Loránd Eötvös (1912)

Loránd Ágoston Baron Eötvös von Vásárosnamény [ˈloraːnd aːgoʃtonˈøtvøʃ], international bekannt als Roland (von) Eötvös,[1] (* 27. Juli 1848 in Buda; † 8. April 1919 in Budapest) war ein ungarischer Physiker und Geophysiker.

Seine bedeutendsten Forschungen betreffen die Kapillarphysik, die Gravitation und das Erdmagnetfeld. 1950 wurde die Budapester Eötvös-Loránd-Universität nach ihm benannt.

Leben und Forschung

Loránd Eötvös, Sohn des Schriftstellers und Staatsmannes József Eötvös, studierte zunächst Rechtswissenschaft in Budapest, wechselte aber bald zur Physik und absolvierte ein Auslandsstudium in Heidelberg – bei Kirchhoff, Helmholtz und Bunsen – sowie in Königsberg. Nach seiner Habilitation 1871 wurde er Professor für Physik an der heutigen Loránd-Eötvös-Universität in Budapest, die seit 1950 nach ihm benannt ist (Eötvös Loránd Tudományegyetem).

Er konstruierte um 1906 eine spezielle Drehwaage (die zuvor schon von John Michell, Charles-Augustin de Coulomb und Henry Cavendish entwickelt worden war) zur Messung von kleinen räumlichen Schwereveränderungen. Diese Schweregradienten dienten in der Folge zur geophysikalischen Exploration von Rohstoffen.

Durch eingehende Experimente gelang ihm der präzise Nachweis des Äquivalenzprinzips. Nach diesem wichtigen Satz der Physik hängt die Gravitationskraft nur von der Masse der Objekte, nicht aber von ihrem Stoff ab, was u. a. bedeutet, dass beim freien Fall im Vakuum alle Körper gleich schnell fallen. Generell bezeichnet man Experimente, die die Gleichheit von schwerer und träger Masse überprüfen, als Eötvös-Experimente.

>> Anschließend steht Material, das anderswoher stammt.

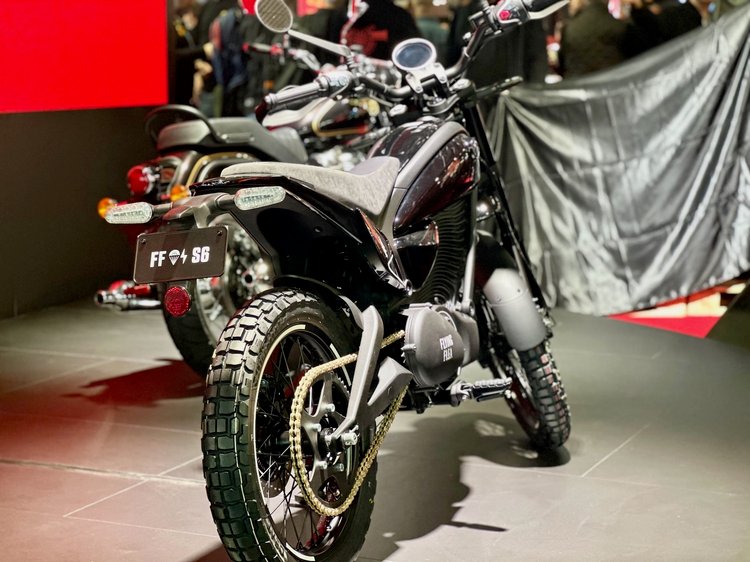 Flying Flea S6, scrambler électrique Royal Enfield 125 sur le stand de l’EICMA 2025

Als er 1894 für kurze Zeit ungarischer Kultus- und Unterrichtsminister wurde, reformierte Loránd Eötvös die Mittelschulen seines Landes. Er gründete das Joseph Eötvös-Kollegium zur Ausbildung guter Lehrer und räumte dem Mathematikunterricht eine bedeutende Rolle ein. Dies wirkt sich bis heute bei den europäischen Denksport- und Mathematik-Olympiaden aus, deren Wettbewerbe häufig von ungarischen Gymnasiasten gewonnen werden.

1883 wurde er in die Ungarische Akademie der Wissenschaften gewählt, deren Präsident er von 1889 bis 1905 war. Seit 1910 war er korrespondierendes Mitglied der Preußischen Akademie der Wissenschaften.[2]

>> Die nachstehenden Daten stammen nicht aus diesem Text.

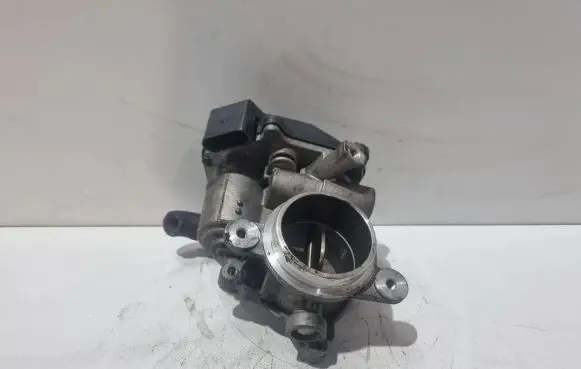 Volkswagen Golf VII Throttle valve 04L128063N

Neben seiner wissenschaftlichen Tätigkeit war Eötvös ein bekannter Alpinist, der in den Dolomiten mehrere Erstbesteigungen (meistens zusammen mit dem Bergführer Michel Innerkofler) durchführte, z. B. Sextner Rotwand 1878.[3] Seine Töchter Ilona und Rolanda von Eötvös wurden ebenfalls in den Dolomiten als Bergsteigerinnen bekannt.[4][5] Er war langjähriger Präsident des ungarischen Tourismusverbandes.[6]

Anekdoten

Valentine Telegdi erzählt folgende Anekdote über Eötvös, der als (ehemaliger) Unterrichtsminister Anspruch auf den Titel „Exzellenz“ hatte. Eötvös examinierte einen Medizinstudenten. Als dieser ihn im Prüfungsdruck versehentlich mit Professor anredete, meinte Eötvös: Nun mein junger Freund, wenn wir an diesem Punkt angelangt sind, können Sie mich gleich Onkel Roland nennen.[7] Telegdi, der selbst Ungar war, betont auch, dass es für den ungarischen Landadel absolut ungewöhnlich war, in die Forschung oder Lehre zu gehen.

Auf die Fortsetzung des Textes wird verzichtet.